The image shows a challenge asking to plot a parabola through three given points:

• $(-9, 4)$
• $(-6, 1)$
• $(-3, 4)$

To find the equation of the parabola that passes through these points, we can assume a general quadratic equation:

$y = ax^2 + bx + c$

We substitute the three points into this equation to form a system of three equations to solve for $a$, $b$, and $c$.

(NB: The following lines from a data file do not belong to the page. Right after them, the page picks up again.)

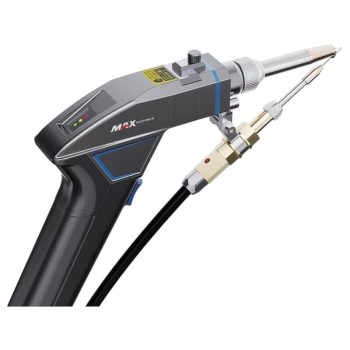 Poste à souder laser MA1-35 800 W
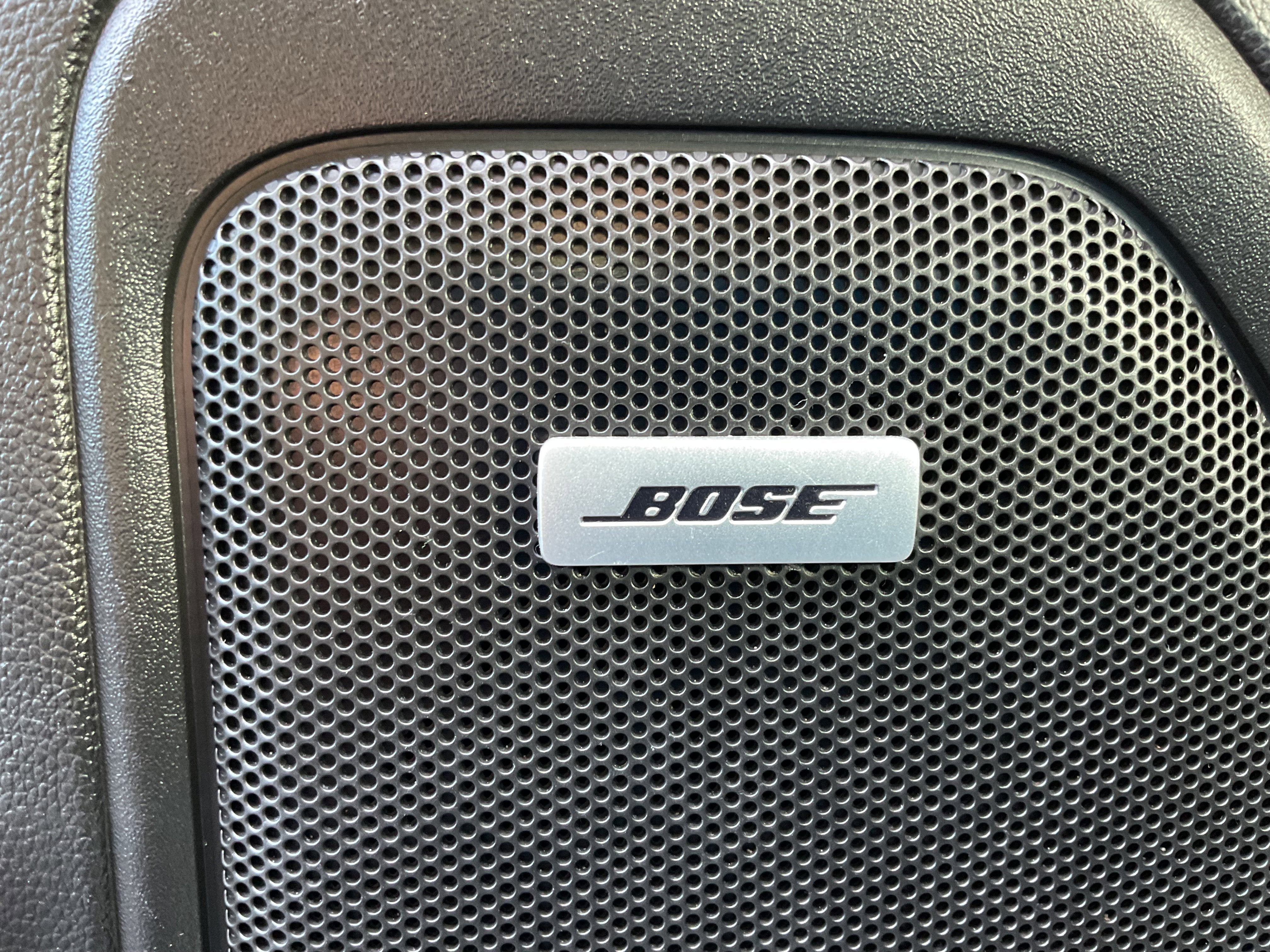 2020 Chevrolet Silverado 1500 RST 4x4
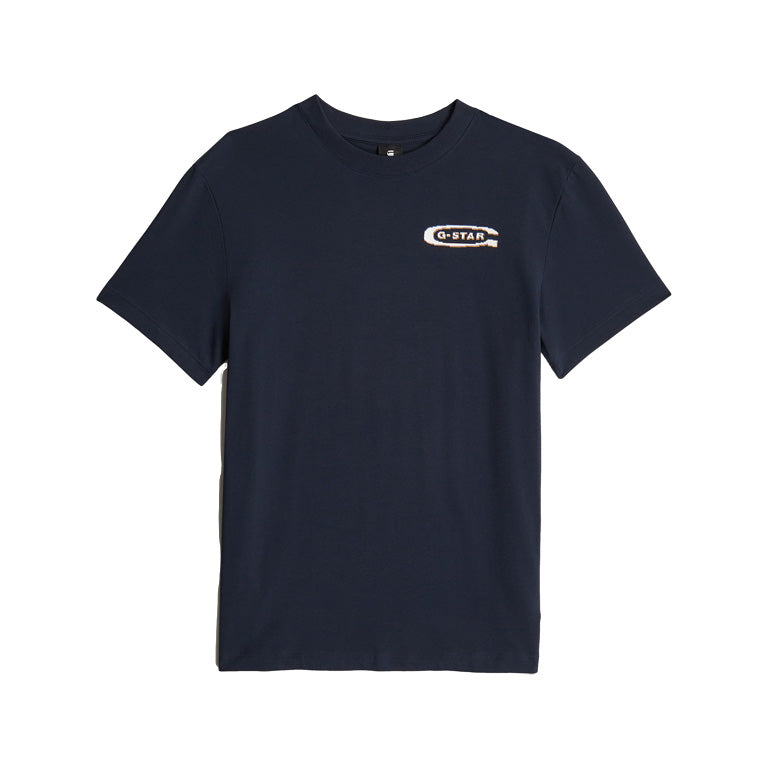 G-Star Back Graphic Arch T-Shirt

1. For $(-9, 4)$: $4 = a(-9)^2 + b(-9) + c$ $4 = 81a - 9b + c$

2. For $(-6, 1)$: $1 = a(-6)^2 + b(-6) + c$ $1 = 36a - 6b + c$

3. For $(-3, 4)$: $4 = a(-3)^2 + b(-3) + c$ $4 = 9a - 3b + c$

Now, I will solve this system of equations to find $a$, $b$, and $c$.The solution to the system of equations is:

• $a = \frac{1}{3}$
• $b = 4$
• $c = 13$

Thus, the equation of the parabola passing through the points $(-9, 4)$, $(-6, 1)$, and $(-3, 4)$ is:

$y = \frac{1}{3}x^2 + 4x + 13$

Would you like further explanation on solving these types of systems, or any additional details?

Here are 5 related questions to consider:

1. How can you verify if a quadratic equation fits multiple points?
2. What happens to the parabola if you change the sign of $a$?
3. Can you generalize the process of finding a parabola for any set of three points?
4. How does the vertex form of a parabola relate to its standard form?
5. How would you solve this system graphically instead of algebraically?

Tip: When working with systems of equations, always check for consistency by substituting the solutions back into the original equations.